Ultime tournant de cette série d’articles sur la contextualisation de SMS, parlons à présent de l’approche archétypale de la contextualisation. SMS, par son approche modulaire est déjà, dans son essence, archétypal. Un Module représente, dans sa description, un archétype d’expérience, de vécu et de compétence. Lorsqu’on établi un Module comme « homme d’affaire » et que l’on ne connaît pas les détails historique qui ont mené à l’établissement d’un tel Module pour un personnage, le descriptif en lui-même représente bien un archétype de fonctions et de moyens pour le personnage à qui il est associé. On préférera l’associer à un background ce qui installe mieux le personnage dans son profil. Cela étant, les archétypes dont je vais vous parler ci-après se propose d’être à la fois décorrélé en partie du background, plus complexes en nature et plus simples à utiliser.

Autre façon de créer un personnage

SMS propose de créer un personnage par son background et d’identifier dans son histoire, ses expériences et ses talents les Modules représentatifs de sa personne et de son vécu. Supposons un instant que nous souhaitions nous lancer encore plus vite dans l’aventure. Il nous faudrait alors un moyen de créer un personnage clé en main en effectuant des choix plus basiques. Autrement dit, nous devrions pouvoir passer outre l’aspect background du personnage pour nous concentrer sur la fonction et les moyens du personnage dans le contexte proposé. C’est là qu’entrent en jeu les archétypes. Un archétype n’est ni plus ni moins qu’un personnage ou une fraction d’un personnage pré-décrit dans le contexte de jeu.

Les Modules sont déjà en soi des archétypes, comme expliqué plus haut, mais ici, nous allons nous concentrer sur un assemblage de Modules comme un archétype complexe et directement exploitable. Dans un univers donné, il existe des archétypes de personnage que l’on peut rencontrer. Par exemple dans un univers d’heroic-fantasy l’on peut rencontrer des mages, des prêtres, des guerriers, des roublards, etc.. La contextualisation archétypale de cet univers permet donc de créer des ensembles de Modules qui permettent de jouer directement ce genre de personnage. L’archétype guerrier sera par exemple représenté par Art du combat, Connaissance tactique, Tireur à l’arc, Spécialiste de l’épée, etc..

Cette approche parle de la notion d’archétype « complet », lequel laisse éventuellement quelques points d’expérience de côté pour un minimum de personnalisation.

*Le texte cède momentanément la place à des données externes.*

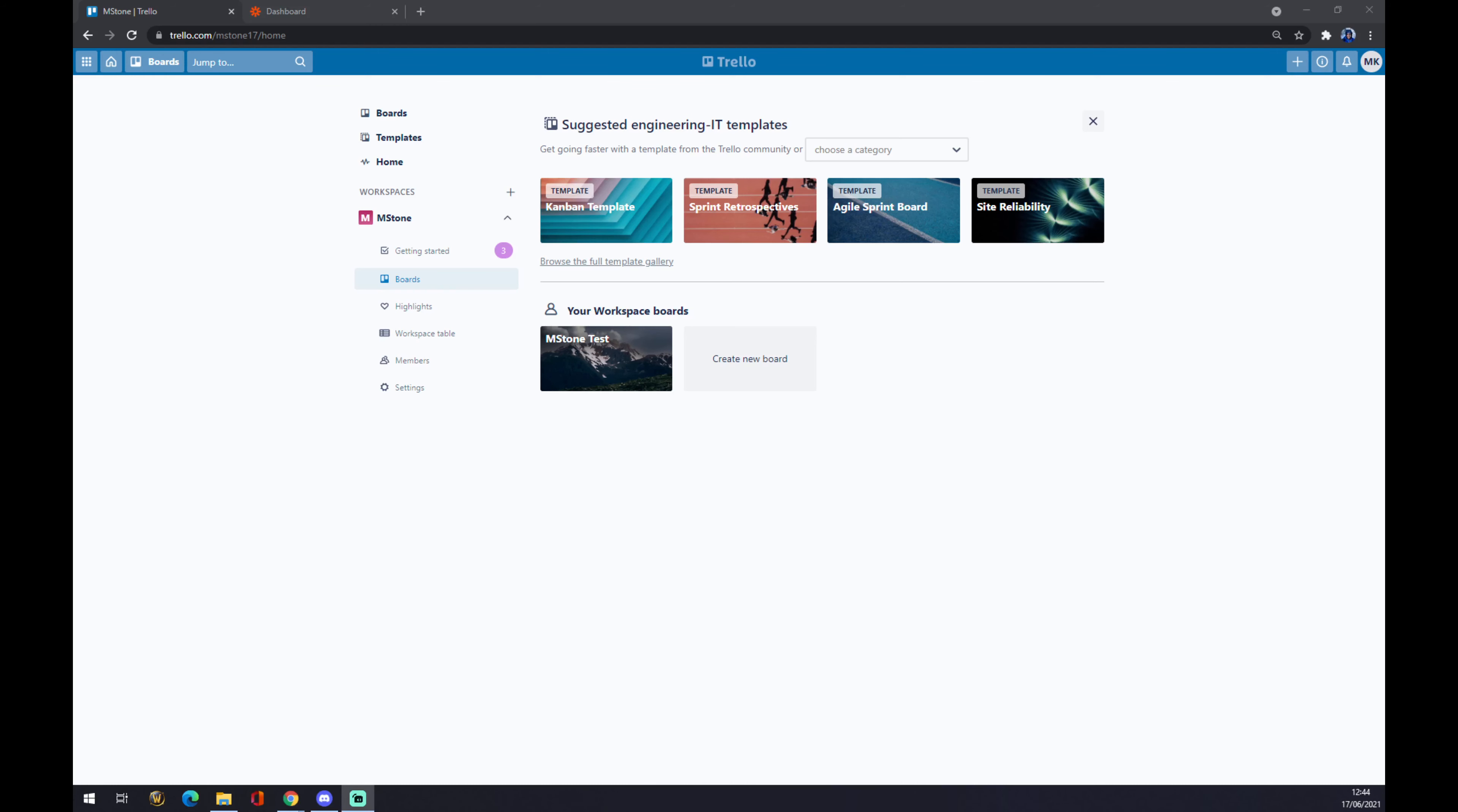Hello guys, my name is Matthew and in today's video I'm going to show you how you can integrate Trello with Notion. First of all, we have to create ourselves an account at trello.com.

L’on peut aussi imaginer quelque chose de plus « modulaire », et définir des archétypes incomplets ou partiels. Exposons ci-dessous les différentes possibilités.

Archétypes complets

A la création d’un univers de jeu, l’auteur, et probablement futur MJ, reste libre de contextualiser SMS comme il le désire. Même dans le cas de la définition d’Archétypes, ce qui suit n’est pas une règle, mais une façon de faire possible. L’Archétype complet reste toutefois l’approche la plus basique lorsqu’on crée un personnage et probablement la moins intéressantes en terme de personnalisation. Elle consiste à choisir son personnage dans un catalogue limité de figure assez caricaturale. Même si elles sont l’expression de personnages aventureux que l’on rencontre le plus dans l’univers de jeu, elles n’en restent pas moins figées.

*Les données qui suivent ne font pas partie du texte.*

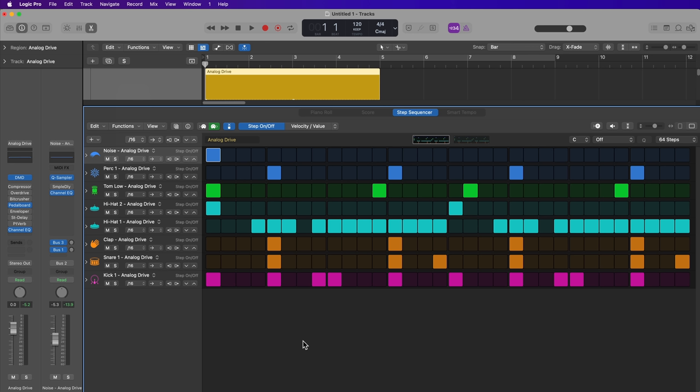Okay, so that is how you can use the step sequencer to build drum beats and drum patterns with the drum machine designer instrument in Logic Pro. I hope you guys enjoyed this video. If you did, please leave it a thumbs up and subscribe to the channel to see more content like this. In the next video, we're going to jump into some of the deeper features of the step sequencer. I hope you enjoyed this video.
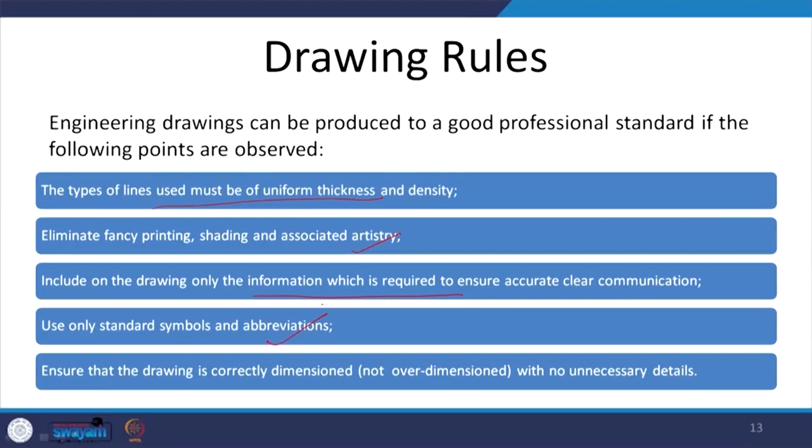We must ensure the drawing is correctly dimensioned with no unnecessary details. A drawing is almost meaningless if it does not carry dimensions — I might draw a room, but if I do not know its size — say 3 metres by 6 metres — it will have no meaning and cannot be constructed. So a drawing should always come with dimensions and the scale to read it.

Un archétype complet est construit de telle sorte à ce que la totalité de ses points d’expérience (ou presque) soient investis dans des Modules représentatifs de l’archétype. On pourra même s’appuyer sur des Modules prédéfinis. L’on veillera à ce que le personnage ainsi créé soit, dans sa profession et ses compétences principales, capable d’affronter une difficulté de D6 sans tirer le dé ce qui suppose de totaliser un score d’action de 6 ou plus dans la plupart des situations qui correspondent à son archétype. Les variations sont laissée à l’appréciation du concepteur de l’archétype.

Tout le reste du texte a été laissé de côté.